My moth orchid originals are - since last week - represented by Amy-Lauren’s Galleries in Hanapepe and Hanalei.(www.amylaurensgallery.com) and I am very pleased.
My spider orchids are now also found at Cedar Street Galleries in Honolulu. (www.cedarstreetgalleries.com). 
Gicleé prints of my work are available through my studio.  Check out my listing in Kauai Dining Art Shopping, page 20-21. And, of course, my website www.liedekebulderart.com.
Sending you love and best wishes for health and happiness in the new year to come!
With aloha,
A hui hou!

Thursday, June 30, 2011

EPIPHYTIC


Spiderwoman, mixed media on paper, 7" x 6"


I am back after quite a few months away from writing any blogs.  Sometimes life gets too overwhelming and dear friends, sorry, but I am not that much of the digital age that I can pour my heart and soul out on line for all to see…
Yes I am back and opening a new exhibit this coming Saturday at Kat Cowan’s delightful little place in the alley at downtown Kapaa on the East side of Kauai Island on Kuhio Hwy. 
The name of the show is EPIPHYTIC.  I have been asked by a number of people:  what is ‘epihytic’??
Epiphytic means:  not drawing nourishment from other plants or ground but from air/moisture in the air and therefore not parasitic.  I felt that to be a wonderful description for my orchid pieces.  For me orchids are  metaphors for us humans.  Here today, gone tomorrow.  We are earthbound with all our ego frills, vanities and needs yet spiritual  beings on a journey to a higher dimension.

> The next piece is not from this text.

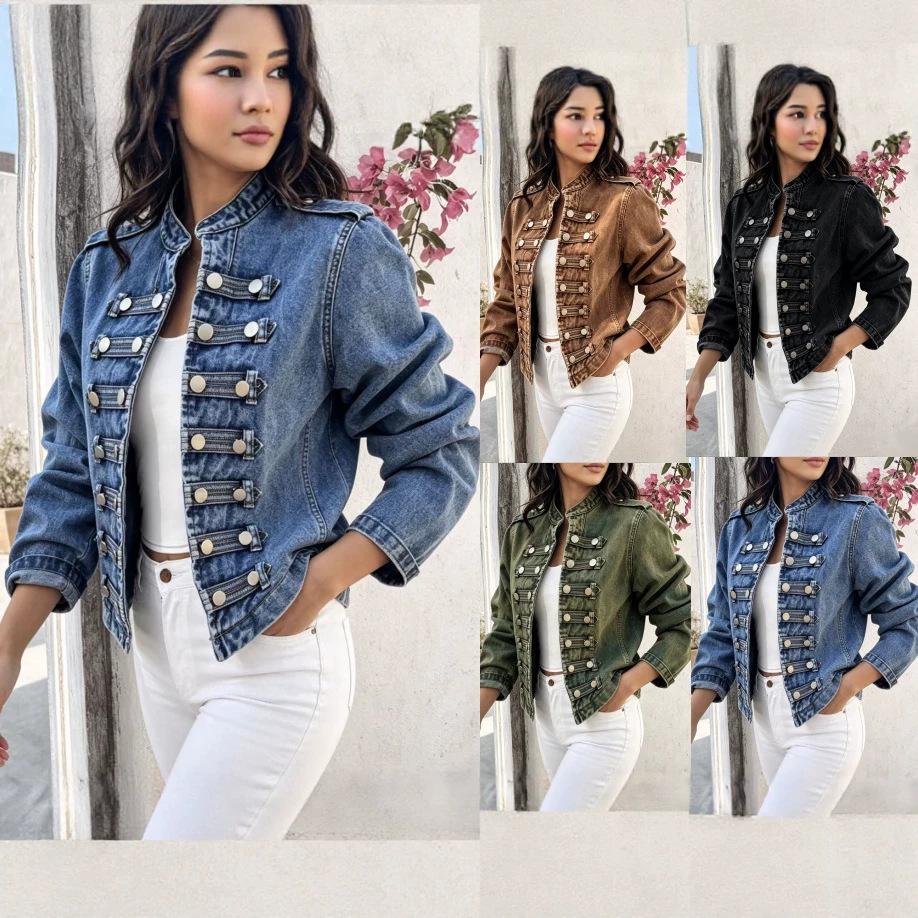 Cross-border European and American Amazon denim jacket vest new style jacket fashionable versatile independent designer long-sleeve women's clothing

In this exhibit I am still on my orchid binge. Not necessarily only moth orchids like before but EPIPHYTES for sure. The majority of orchids grow as epiphytes on trees where suitable regimes of light and humidity occur.  Most of the critters featured in this show are free floating, suspended in air, no roots.  There will be a few of my moth orchid images as well.  But the featured orchid is the spider orchid.  And, yes, I did have someone in mind when creating some of the new, smaller pieces.
Opening reception should be lots of fun with live music by the New Old School band, refreshment, pupus, fire dancing.  Kat throws a great party! 
Hope to see you there.  If not, the show runs through the summer and comes down 9/29/11.

Gallery will be closed, however, last week of August and first week of September!
A hui hou!

Wednesday, April 6, 2011

Hanapepe Cafe and Bakery



A few weeks ago I hung one of my orchid paintings titled “Bridge over Troubled Water” in the Hanapepe Café at the invitation of owner and book group friend Helen Lacono. With that title, a nostalgic memory to us baby boomers, the painting makes an appropriate (and elegant, I might add) backdrop on the performance stage of the Café. On Friday nights, and sometimes during the luncheon hour, Kauai artist Cindy Combs performs her beautiful slack key guitar music there.

I love the Hanapepe Café and Bakery. Especially the Bakery!! Helen and her daughter Andrea have made the Café an anchor of historic Hanapepe Town with its collection of galleries and businesses and famous swinging bridge.

Our book group is reading Sara Miles' spiritual memoir "take this bread".  An amazing book about a left-wing, lesbian journalist's conversion to Christianity.  Food for thought while we are being fed in the flesh by Helen's lovingly prepared breakfast spread one morning a week.  Kauai is an amazing place. I could have never imagined in my wildest dreams about 'retiring on this island' to find such community, such sharing and beauty on all levels...

Every Friday night Hanapepe town comes alive with musical performances in the street and people browsing the galleries during the weekly Art Walk. And that night Helen Lacono puts on a feast at the Hanapepe Café. The place feels like having dinner at grandma’s house… Comfort food, healthy food, deserts to die for…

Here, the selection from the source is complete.